* Provided data:

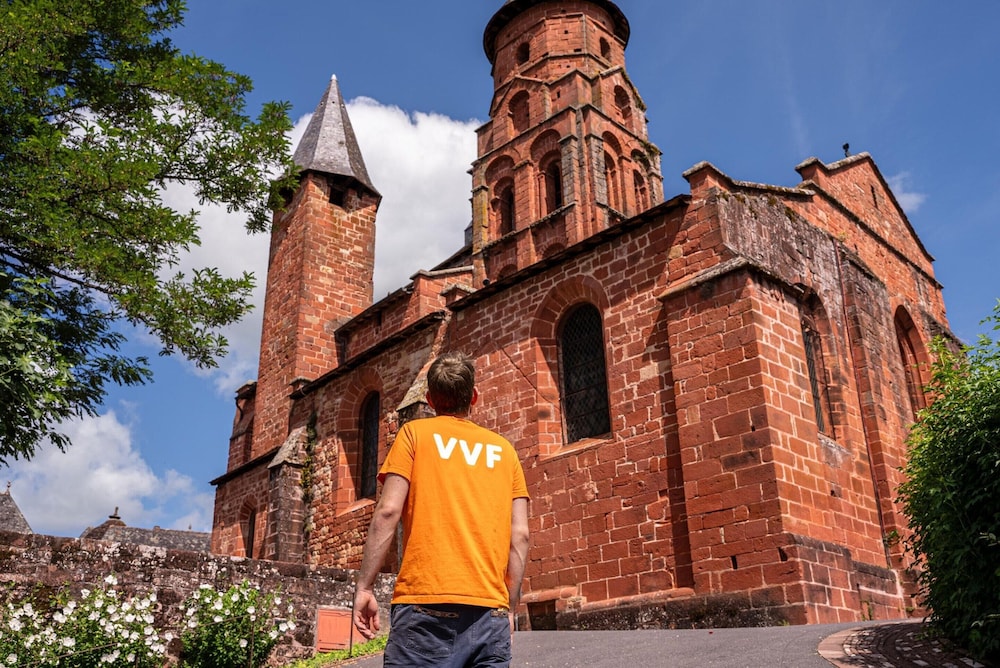 Gite in Collonges-la-rouge Near Dordogne Valley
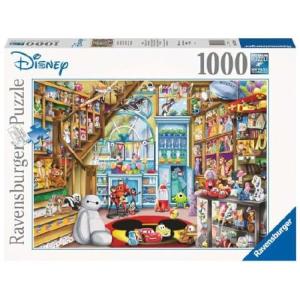Ravensburger Disney-Pixar: Toy Store 1000 Piece Ji...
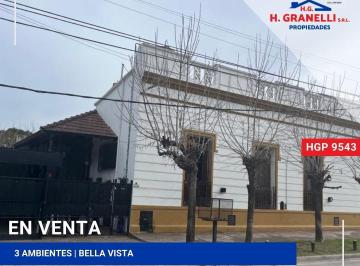 HGP-HGP-9543_2 · Casa 3 Ambientes. | Piñero Al 600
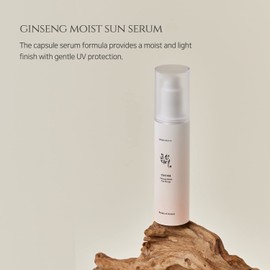 [Beauty of Joseon] Ginseng sun serum 50ml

* Work instructions: Set down each line of the material exactly and skip every image.

* Task solution:
 Gite in Collonges-la-rouge Near Dordogne Valley
Ravensburger Disney-Pixar: Toy Store 1000 Piece Ji...
 HGP-HGP-9543_2 · Casa 3 Ambientes. | Piñero Al 600
 [Beauty of Joseon] Ginseng sun serum 50ml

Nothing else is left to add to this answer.